Pois, para surpresa e estupefacção, o escolhido foi afinal Olivier Py, que fizera saber do seu interesse por Strasbourg, pelo Festival d’Avignon ou pelo Théâtre National de la Colline, mas não pelo Odéon. Olivier Py, que tendo 40 anos, e sendo um multifacetado e espampanante inventor de uma variedade de actos teatrais, encaixa no perfil de “modernização” política destas nomeações (nas quais para a Ópera caberia justamente Laurent Bayle, Nicolas Joël sendo afinal a contra-corrente), com o enorme risco de ser discricionariamente político e possibilitador de sérios problemas ao funcionamento e reconhecimento público das instituições culturais e dos objectivos concretos.
A propósito do Odéon, a 18 de Dezembro a ex-ministra socialista Catherine Tasca publicou, no Libération, um texto, “Le théâtre public mérite plus de respect”, ao qual de resto só pontualmente Donnedieu de Vabres conseguiu responder, texto esse, que até pela experiência própria da signatária, tem alguns tópicos de reflexão importantes.

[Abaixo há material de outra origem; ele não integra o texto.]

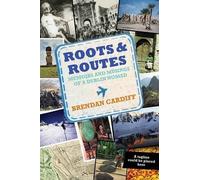 Roots and routes: Memoirs and Musings of a Dublin Nomad
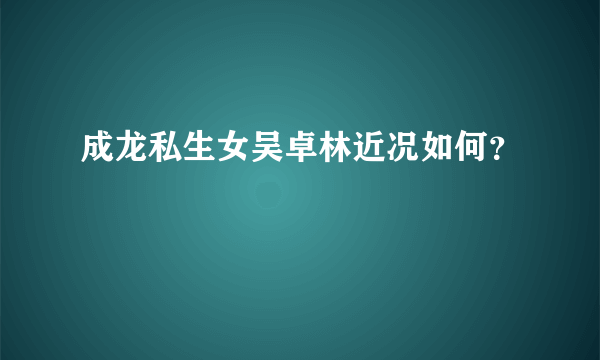 成龙私生女吴卓林近况如何？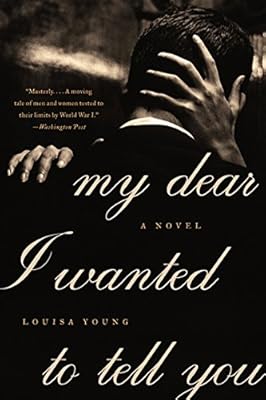 My Dear I Wanted to Tell You: A Novel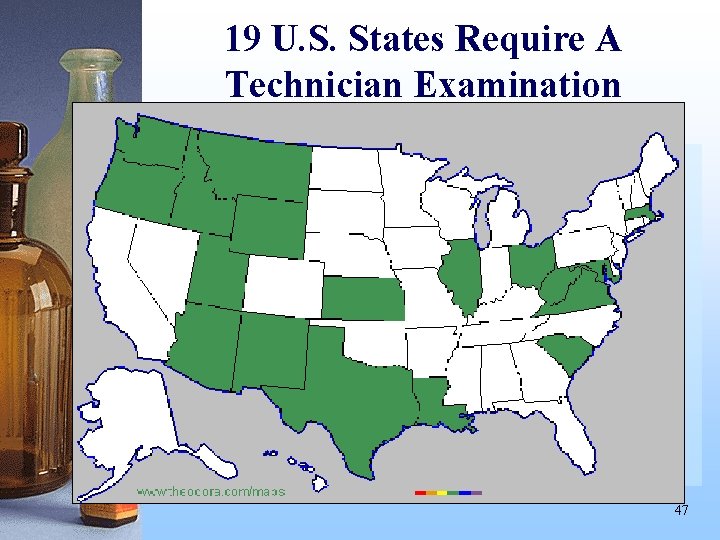 19 U. S. States Require A Technician Examination 47 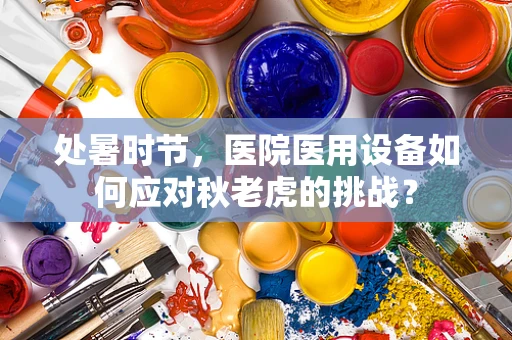 处暑时节，医院医用设备如何应对秋老虎的挑战？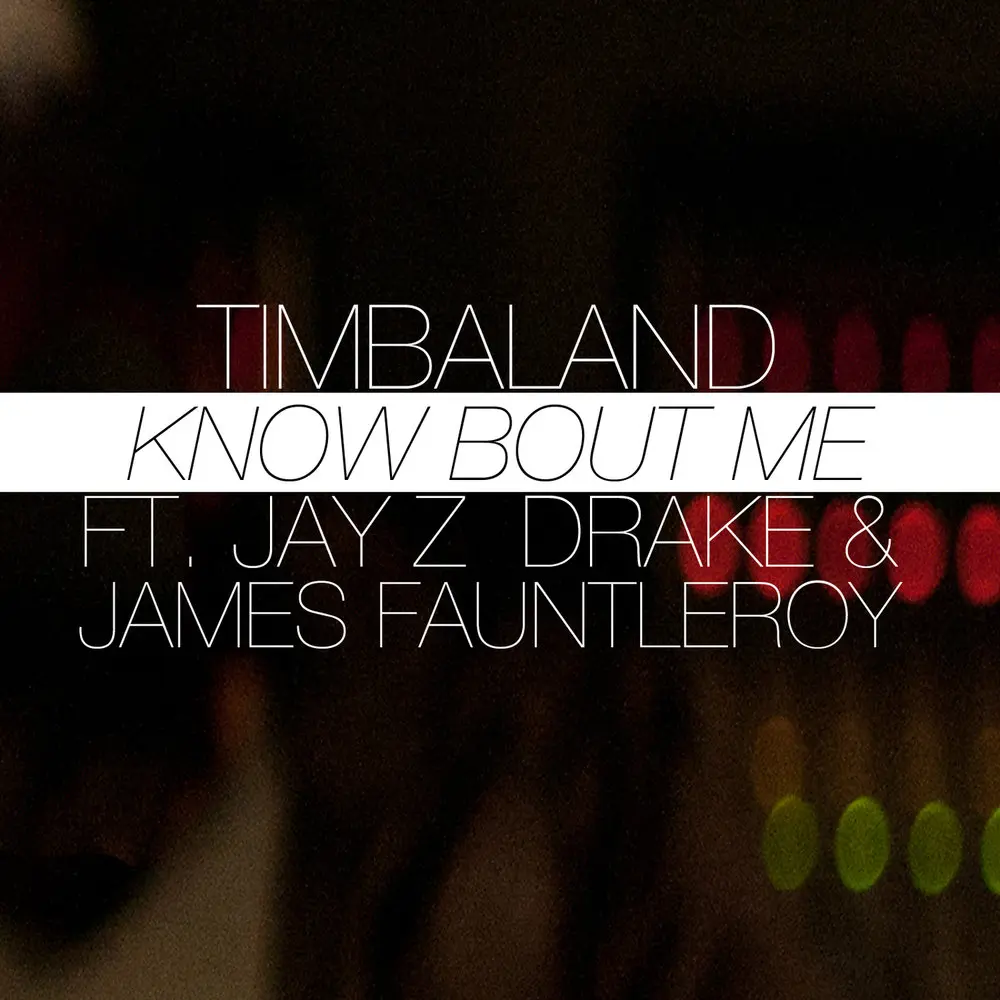 Know Bout Me (Edit) - Timbaland, Jay-Z, Drake, James Fauntleroy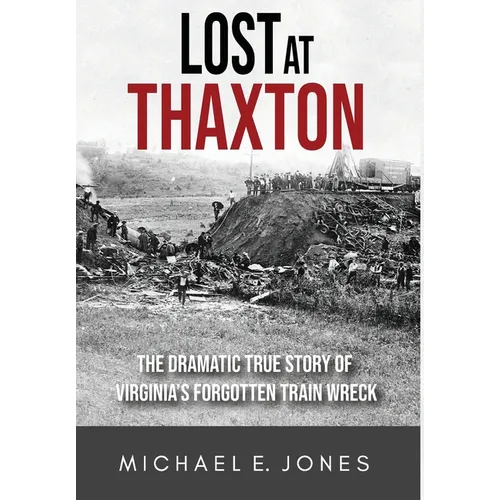Lost at Thaxton: The Dramatic True Story of Virginia's Forgotten Train Wreck - Hardcover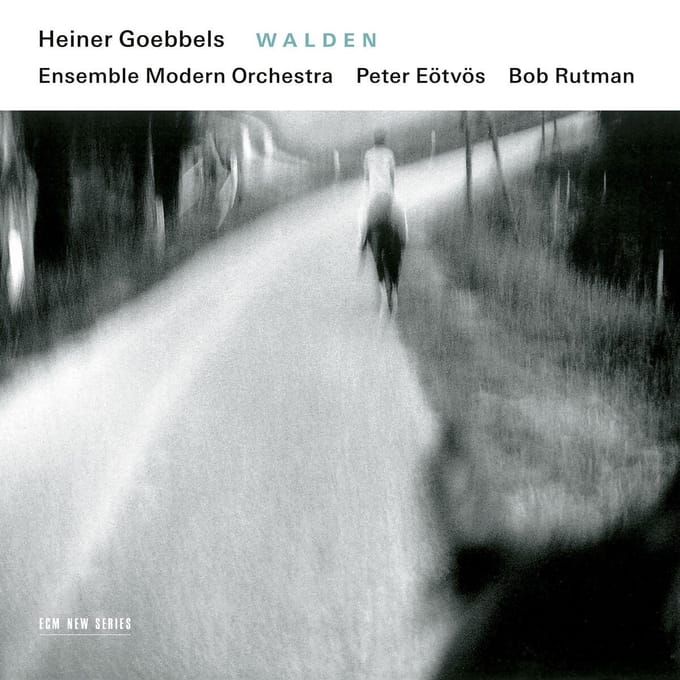 Bob Rutman, Ensemble Modern, Peter Eotvos - Goebbels: Walden (CD)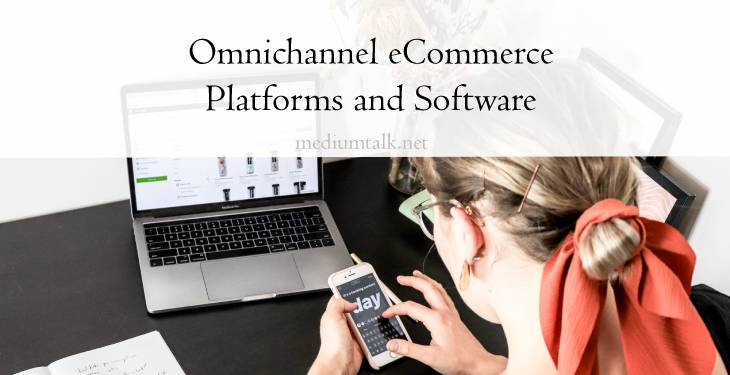 Top Six Omnichannel eCommerce Platforms and Software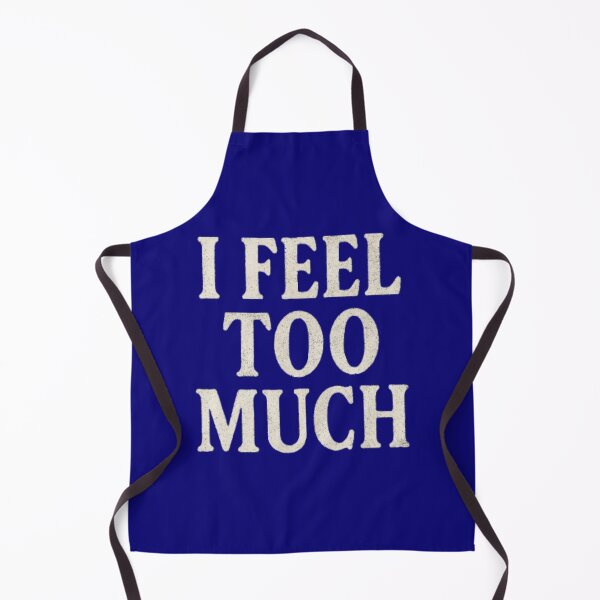 Item preview, I Feel Too Much Raw Typography for Sensitive Minds designed and sold by ViursArtsStore.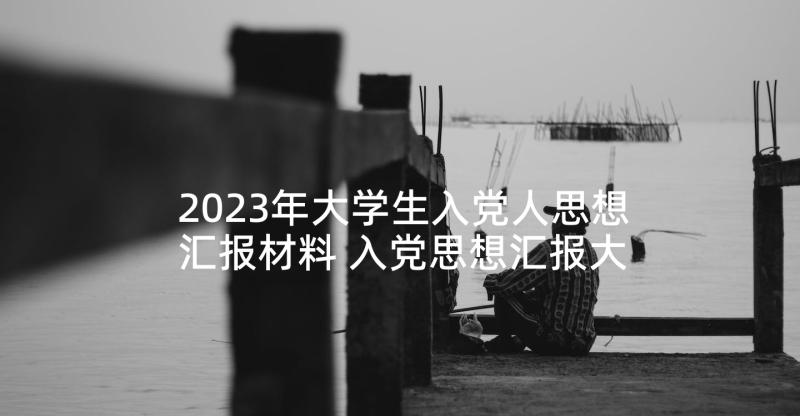 2023年大学生入党人思想汇报材料 入党思想汇报大学生党员入党思想汇报材料(汇总5篇)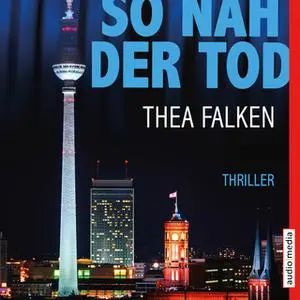 «So nah der Tod» by Thea Falken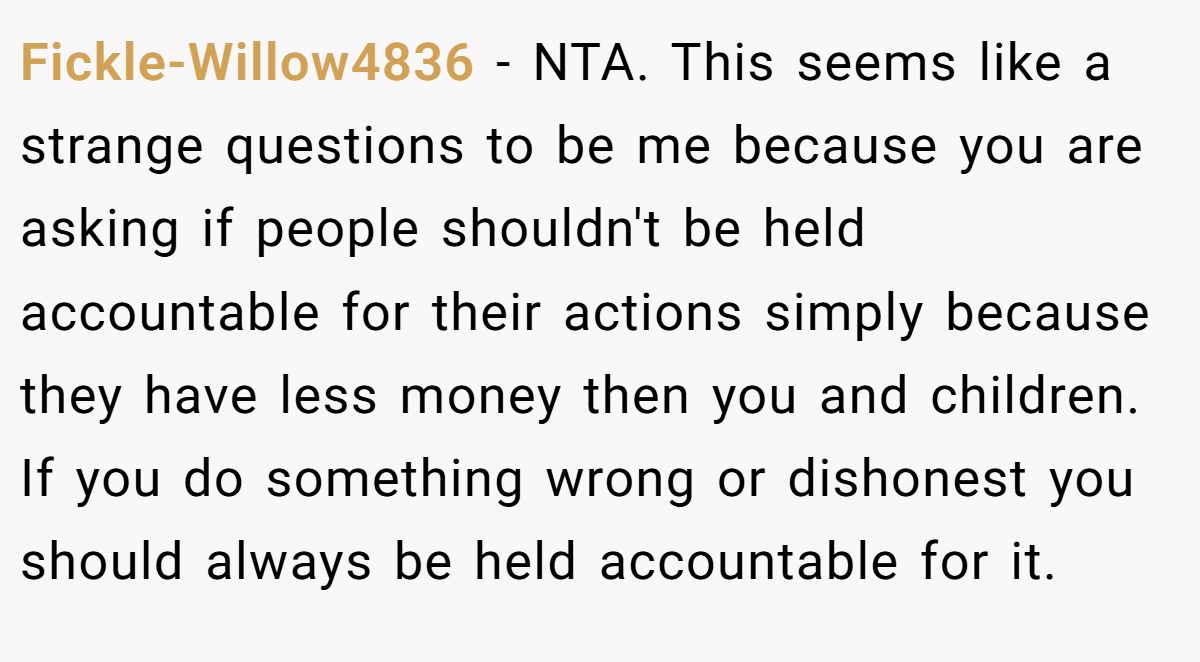 Fickle-Willow4836 − NTA. This seems like a strange questions to be me because you are asking if people shouldn't be held accountable for their actions simply because they have less money then you and children. If you do something wrong or dishonest you should always be held accountable for it.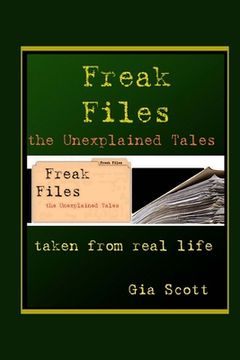 portada Freak Files: The Unexplained Tales (en Inglés)
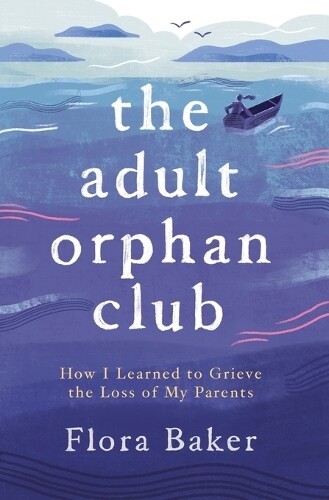 Thumbnail - Flora Baker The Adult Orphan Club (taschenbuch)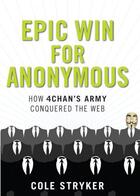 Couverture du livre « Epic Win for Anonymous » de Stryker Cole aux éditions Overlook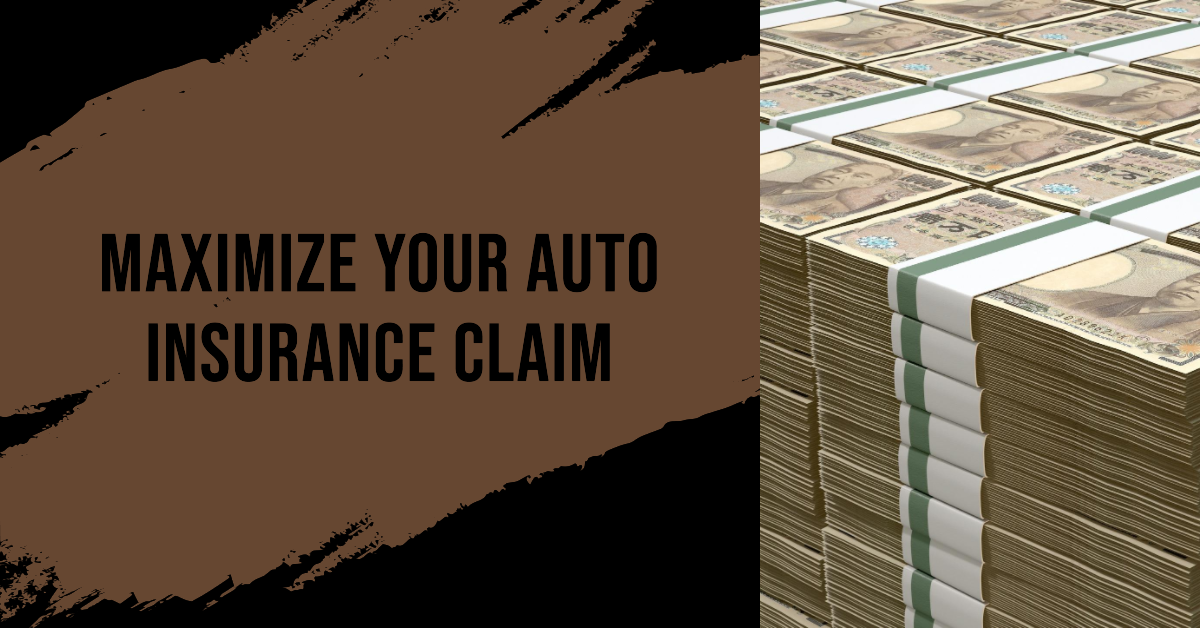 how to get more money from auto insurance claim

“O exercício do poder de nomeação é certamente um dos mais gratificantes para um ministro, mas é também dos mais difíceis de exercer. Um ministro deve, tanto quanto possível, explicar e justificar a sua escolha aos cidadãos. Mas sobretudo deve conciliar o interesse geral, o do empreendimento artístico e o respeito pelas pessoas que são por eles responsáveis, assim como as respectivas equipas”. Tasca não apenas censurou asperamente a não-renovação de alguém com o curriculum e sobretudo com o trabalho desempenhado no Odéon como Lavaudant, considerou mesmo destabilizador e grave que a valsa das nomeações seja declarada com temporadas em curso – mas isto é dito por alguém que sabe do que fala, que tem uma larga experiência, tendo sido uma reputada gestora cultural antes de ser ministra.
O conjunto destas nomeações “internas” francesas é revelador de alguns modos de exercício do poder político de nomeação, desde a que mais directamente remete para a alegoria do paradigma do Príncipe àquelas que, apontando motivações renovadoras, buscam uma legitimação política de facto exterior à prestação de serviço dos equipamentos culturais públicos – e inclusive de espalhafato e de cedência a um outro populismo de sabor multicultural. E o conjunto destas nomeações não deixa também de ser revelador de como nalguns mais importantes aparatos institucionais as mudanças têm de ser necessariamente pensadas a prazo, e que se há outros casos de maior “precipitação”, à tutela de nomeação é assacada a irresponsabilidade de destabilização de temporadas em cursos.
Quaisquer semelhanças com outros países em que o modelo francês é influente ao nível da configuração das tutelas e dos próprios equipamentos poderão não ser obviamente meras coincidências.